Treasuries moved to the downside during trading on Monday but ended the session well off their worst levels of the day.
Bond prices regained ground after coming under pressure in morning trading but remained in negative territory. As a result, the yield on the benchmark ten-year note, which moves opposite of its price, rose by 3 basis points to 2.960 percent after reaching a high of 3.019 percent.
The early weakness among treasuries came as stocks on Wall Street extended last Friday’s rebound following upbeat earnings news from financial giant Goldman Sachs (GS).

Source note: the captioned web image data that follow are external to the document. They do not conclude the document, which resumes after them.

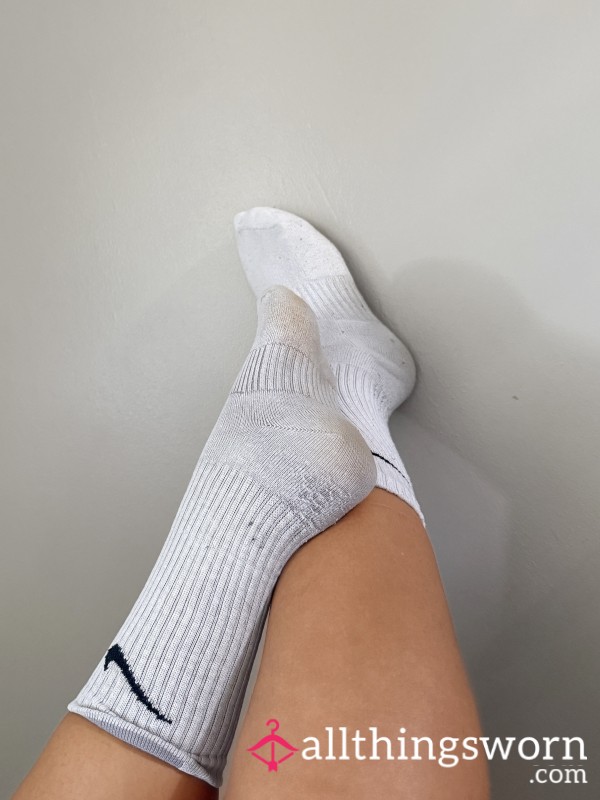 Well-worn Feminine Musk Gym Socks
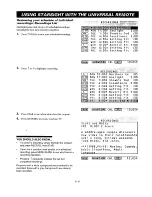 Preview for 60 page of Zenith SR2745 Operating Manual & Warranty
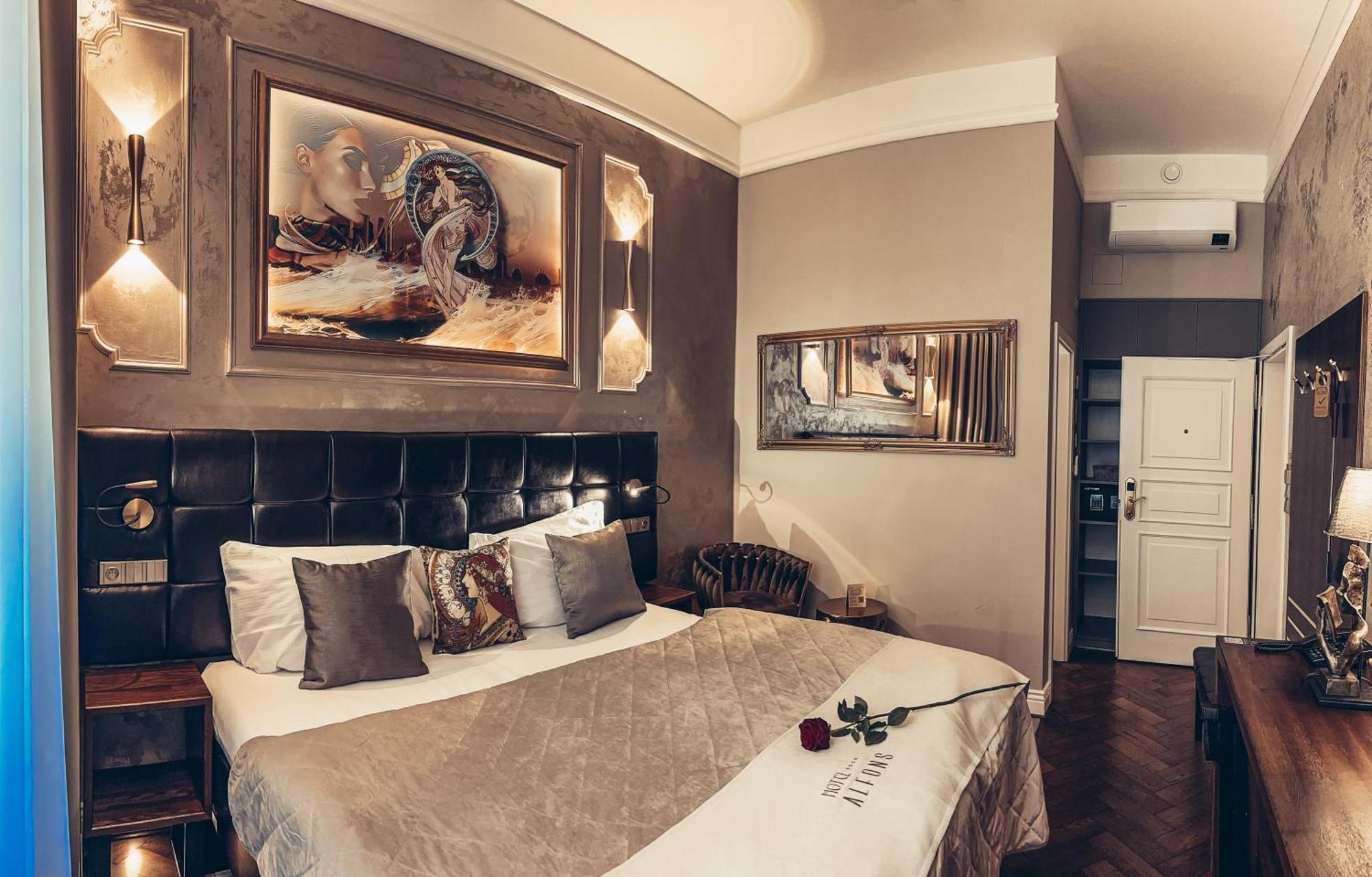 פראג Alfons Boutique Hotel מראה חיצוני תמונה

Traders continued to pick up stocks at relatively reduced levels after the rally in the previous session halted a recent downward trend.
Buying interest waned over the course of the session, however, as traders continued to worry about the economic outlook ahead of next week’s Federal Reserve meeting.
The subsequent pullback by stocks contributed to the recovery attempt by treasuries, as some traders looked for safer havens like bonds.
In U.S. economic news, the National Association of Home Builders released a report showing a substantial deterioration in U.S homebuilder confidence in the month of July.
The report showed the NAHB/Wells Fargo Housing Market Index plunged to 55 in July from 67 in June. Economists had expected the index to edge down to 66.
The HMI showed its second biggest single-month drop after a 42-point nosedive in April 2020, tumbling to its lowest level since May 2020.
On Tuesday, the Commerce Department is scheduled to release a separate report on new residential construction in the month of June.
Housing starts are expected to tumble by 2.7 percent to an annual rate of 1.650 million, while building permits are expected to jump by 2.3 percent to an annual rate of 1.585 million.